| HN Mirror

Y	Hacker News new \| ask \| show \| jobs

by BeefySwain 1087 days ago

Sidestepping all of the ethical questions of embarking on this "research", I'm surprised the number was that low.

Linux[0] itself has about 1.2 million commits, so apparently Linux is within an order of magnitude of bringing GitHub to it's knees?

[0] https://github.com/torvalds/linux

4 comments

eddythompson80 1087 days ago

Microsoft’s azure docs repo has 1.1M commits, and it’s many gigabytes big. I made the mistake of trying to clone it to fix an issue in the docs I ran into. Ended up just editing it on GitHub because fuck that.

https://github.com/MicrosoftDocs/azure-docs

link

vinyl7 1087 days ago

You can clone a few latest commits

  git clone -–depth [depth] [remote-url]

link

2h 1087 days ago

I dont think that works:

    > git clone --depth 1 https://github.com/MicrosoftDocs/azure-docs
    Cloning into 'azure-docs'...
    remote: Enumerating objects: 107158, done.
    remote: Counting objects: 100% (107158/107158), done.
    remote: Compressing objects: 100% (101843/101843), done.
    Receiving objects:  17% (18217/107158), 780.25 MiB | 43.72 MiB/s

link

metabagel 1087 days ago

I think it’s a rate issue, not the number of commits.

link

aloer 1087 days ago

iirc remember some years ago the homebrew repo caused too much load due to their architecture where every client would pull on install or update. Or something like that.

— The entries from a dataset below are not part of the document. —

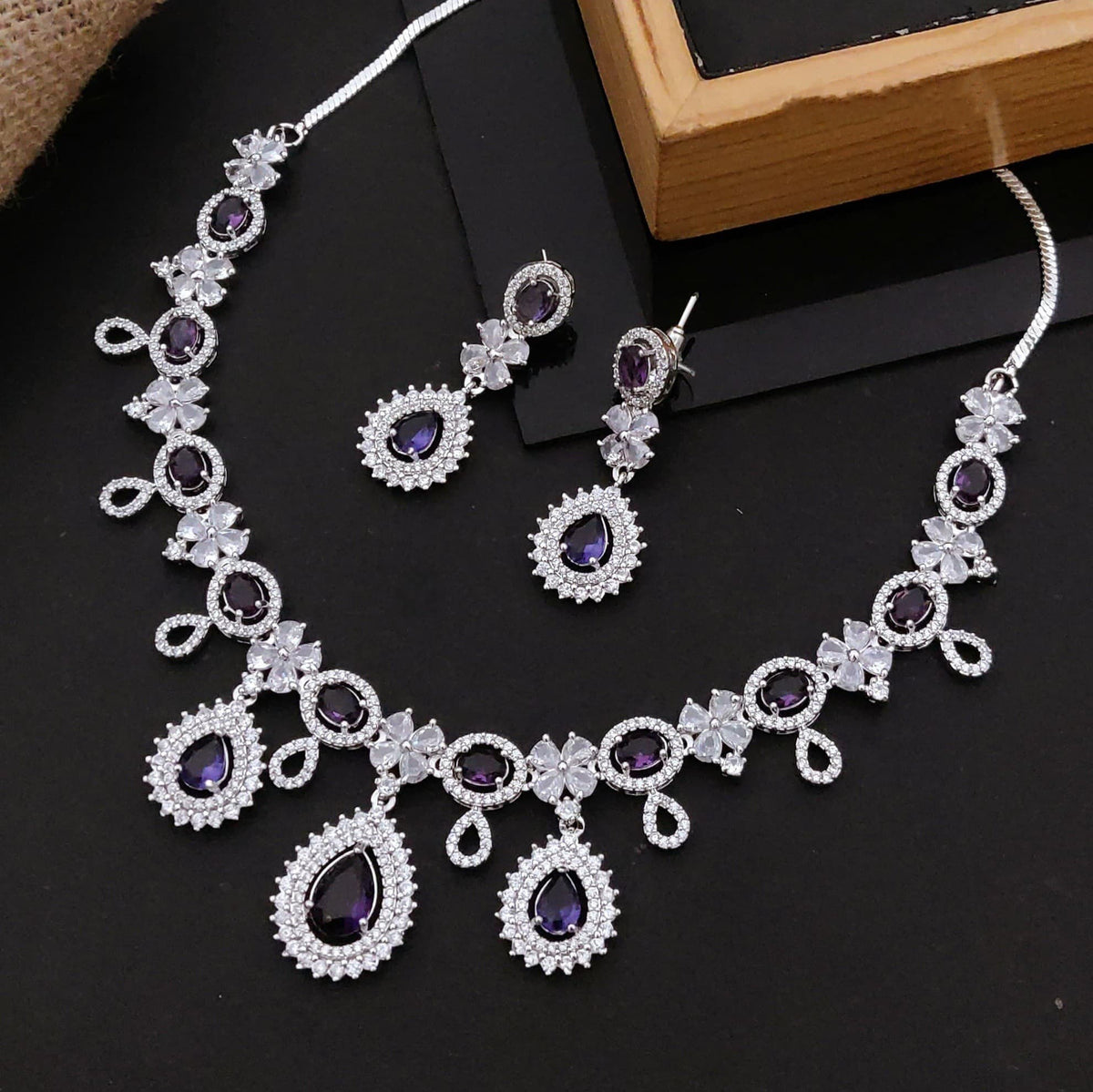 Pakistani Bridal Silver Tone CZ AD Floral Choker Earring Set For Women - Libasaa.com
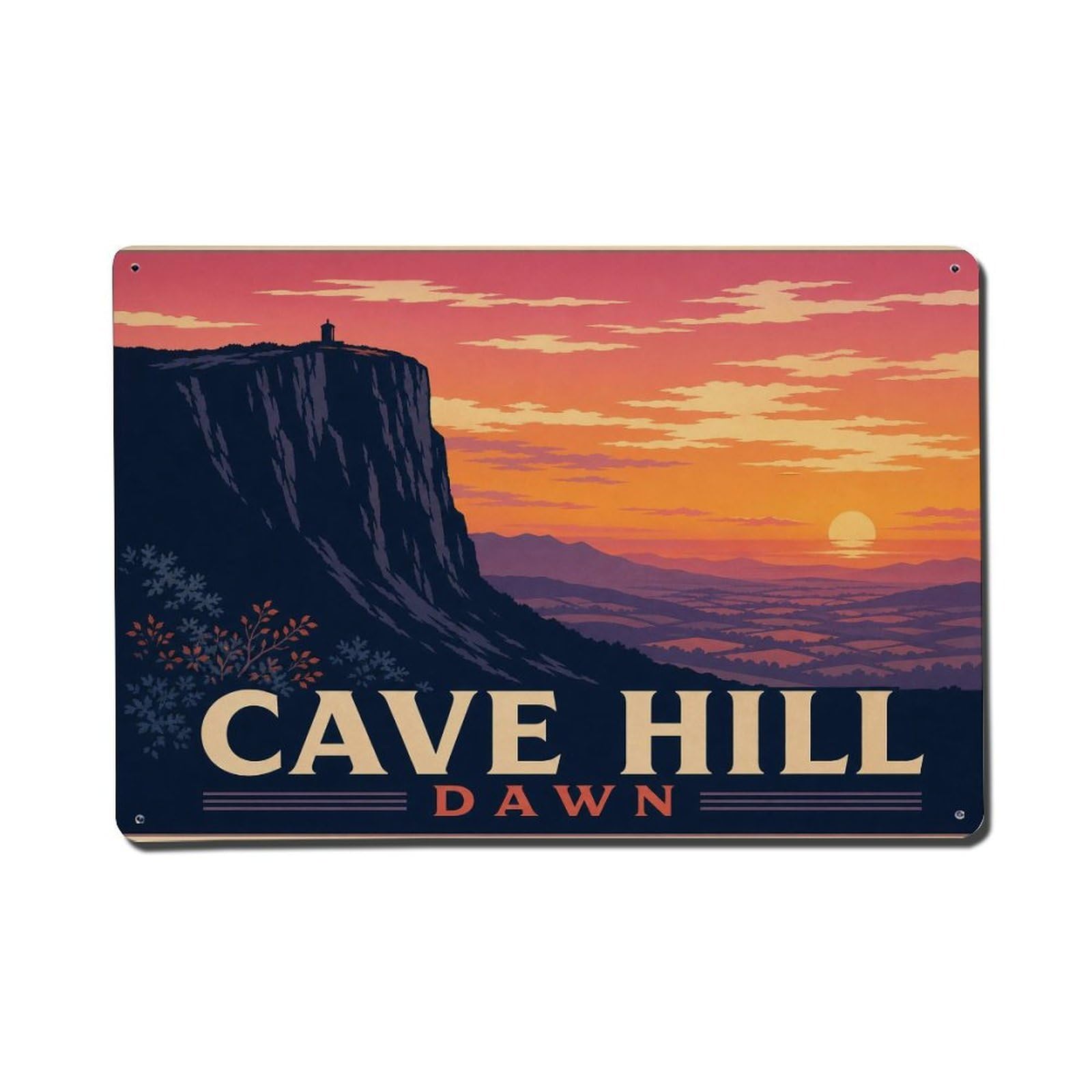 Fyrn Style Metal Tin Sign Vintage Travel Cave Hill Belfast Sunrise Mountain View 1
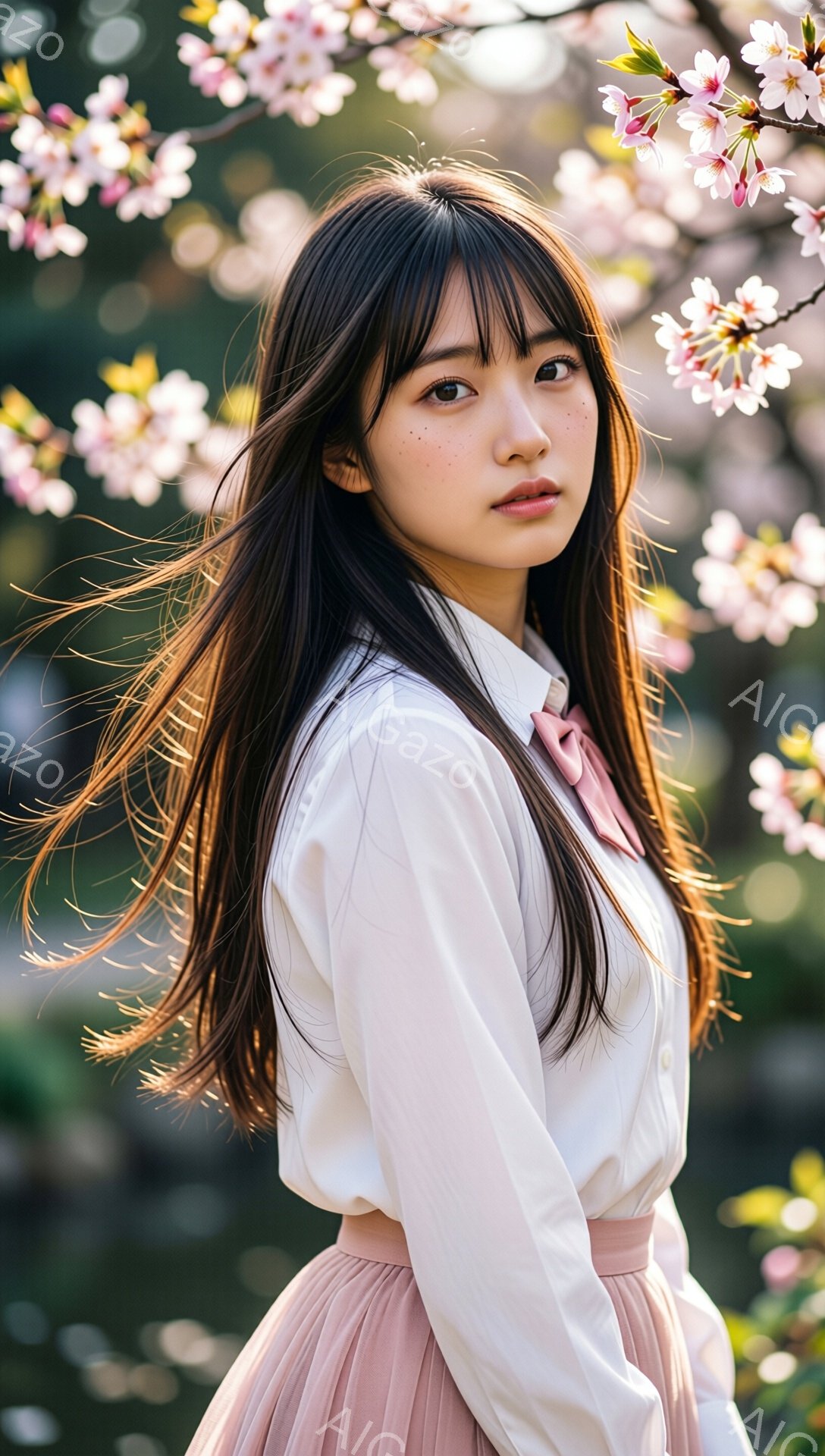 長い黒髪の女性が、桜の花びらが舞う中で、白いシャツと淡いピンク色のスカートを着ています。彼女は少し微笑んでおり、視線はカメラの方を向いています。背景にはぼやけた桜の木々があり、春の穏やかで美しい雰囲気 - AI生成フリー素材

Part of the GitHub response afaik included the info that they went as far as they could with dedicated and beefier servers but asked for a software fix.

I would think that if GitHub anticipates a normal repo growing this large they can give it the special treatment

link

jwilk 1086 days ago

https://github.com/orgs/Homebrew/discussions/226

link

tikhonj 1087 days ago

There's a rough rule of thumb that you should expect to redesign your system to handle each order of magnitude increase in scale, and I figure it applies here too—gracefully handling that size of repo would require substantial engineering work, and they have plenty of time to handle it before human-oriented open source repos get even close to the current limit.

link

lucb1e 1087 days ago

I'm not sure redesigns were necessary between going 1 to 10, from 10 to 100, from 100 to 1000, from 1000 to 10'000, from 10'000 to 100'000, or from 100'000 to 1000'000 which we're now at. It sounds like a sensible engineering rule, but I'm not sure it translates to software, or at least not in this case. I don't know of any design changes made to Git since it was first created, there's no v1 and v2 repositories for example.

link

spiralx 1086 days ago

It depends on how quickly you pass through each order of magnitude milestone. I remember reading about how MySpace grew something like five orders of magnitude in less than a year, and no matter how scalable your architecture is you're going to hit a point during that where you need to rearchitect your whole system.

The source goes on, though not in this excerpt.